This holds true locally, as the Metropolitan Council recently released data showing that from 2010-2018 the Minneapolis-St. Paul region added 96,100 households, but only 75,600 housing units were built, putting great pricing pressures on rents and existing homes.
Center researchers found that household growth is now back from post-recession lows, but new home construction remains depressed, with additions to supply barely keeping pace with the number of new households. Several factors may be contributing to the slow construction recovery, including excess supply following the housing boom, which took years to absorb, and persistent labor shortages.
“The most significant factors, however, are rising land prices and regulatory constraints on development,” says Chris Herbert, managing director of the Joint Center for Housing Studies. “These constraints, largely imposed at the local level, raise costs and limit the number of homes that can be built in places where demand is highest.”
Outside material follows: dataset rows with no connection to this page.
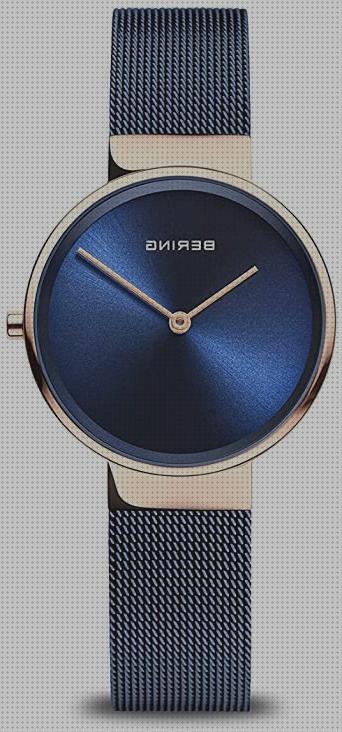 Review de reloj de mujer bering 14531 367 de acero azul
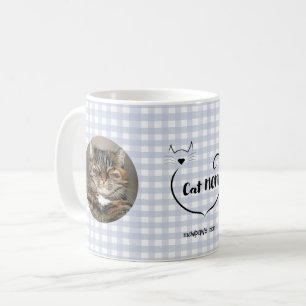 Cat Mama Liebe Form und einfaches Skript Kaffeetasse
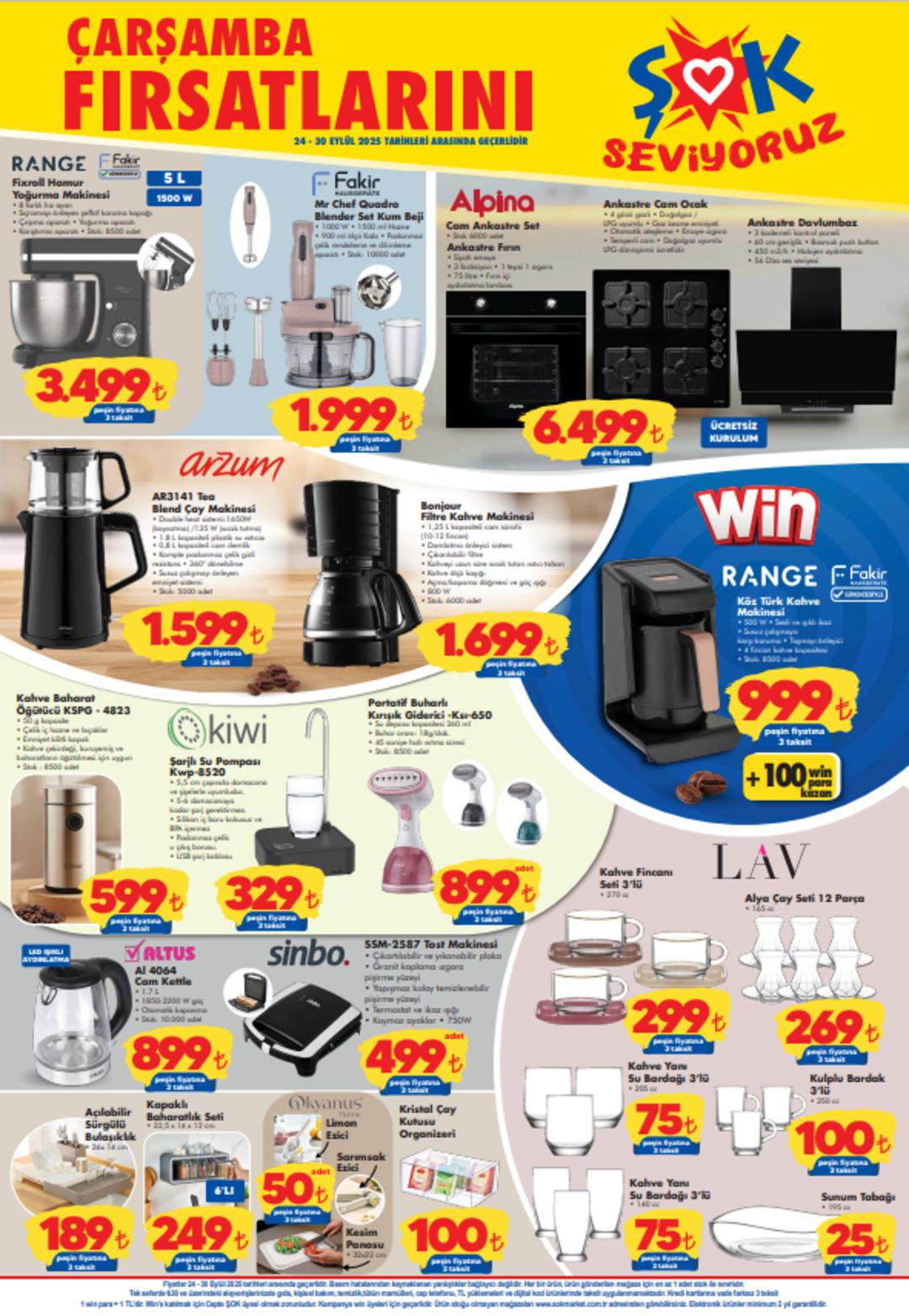 ŞOK a Arzum kahve makinesi geliyor! 24 Eylül 2025 ŞOK Aktüel Ürünler Kataloğu 1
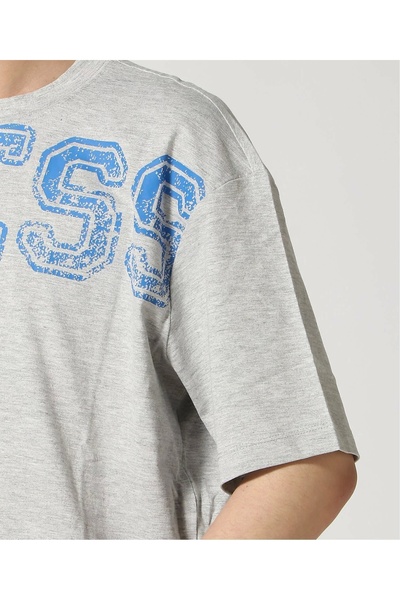 Guess Ανδρικό μπλουζάκι BUGLER CN Γκρι μπλουζάκι Z5GI15I3Z14-H9C9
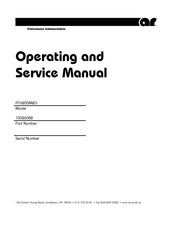 AR ATH200M2G Operating And Service Manual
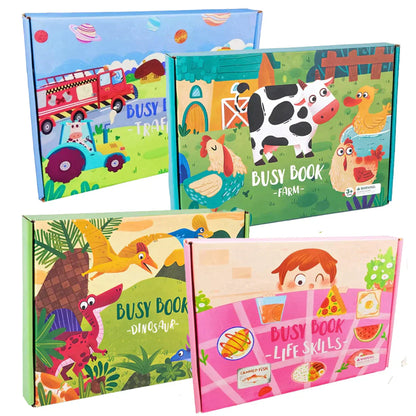 Sensory Busy Book for Toddlers – Screen-Free Fun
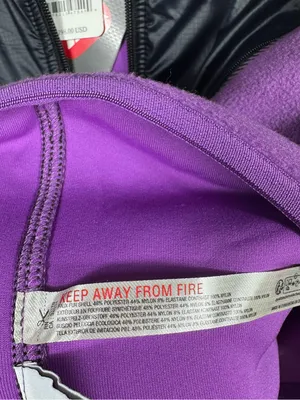 FP Movement‎ Go The Distance Fleece Jacket S Red Violet Black $198 NWT thumbnail 9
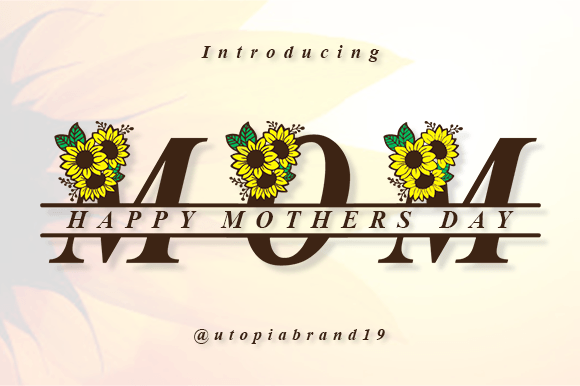 Enhance Your Brand with Mom Day Monogram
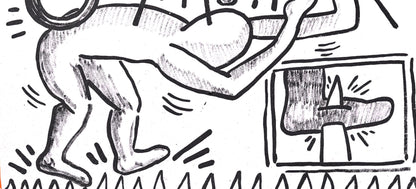 Keith Haring, Composition, Against All Odds, Lithograph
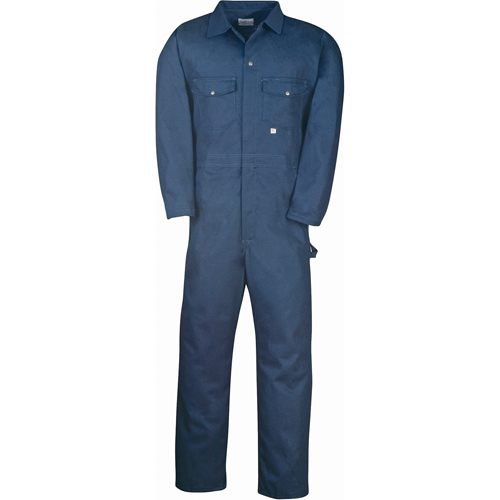 Westex Indura&reg;FR-7A&reg; Coveralls, Size 38, Navy Blue Moffatt Supply & Specialties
We’ve seen this in the Twin Cities where the Metropolitan Council land planning has caused land within its service area to be four to thirteen times more expensive than comparable land outside the area.
Meanwhile, a large percentage of new housing being built is intended primarily for the higher end of the market, Herbert states. The limited supply of smaller, more affordable homes in the face of rising demand suggests that the rising land costs and the difficult development environment make it unprofitable to build for the middle market.
The study concluded with an expected robust demand for both rental units and starter homes as the millennial generation ages and the economy stays strong. But developers can only produce middle-market housing profitably and meet the demands of the market if some of the restrictions on land use are relaxed and the construction sector is able to attract more labor.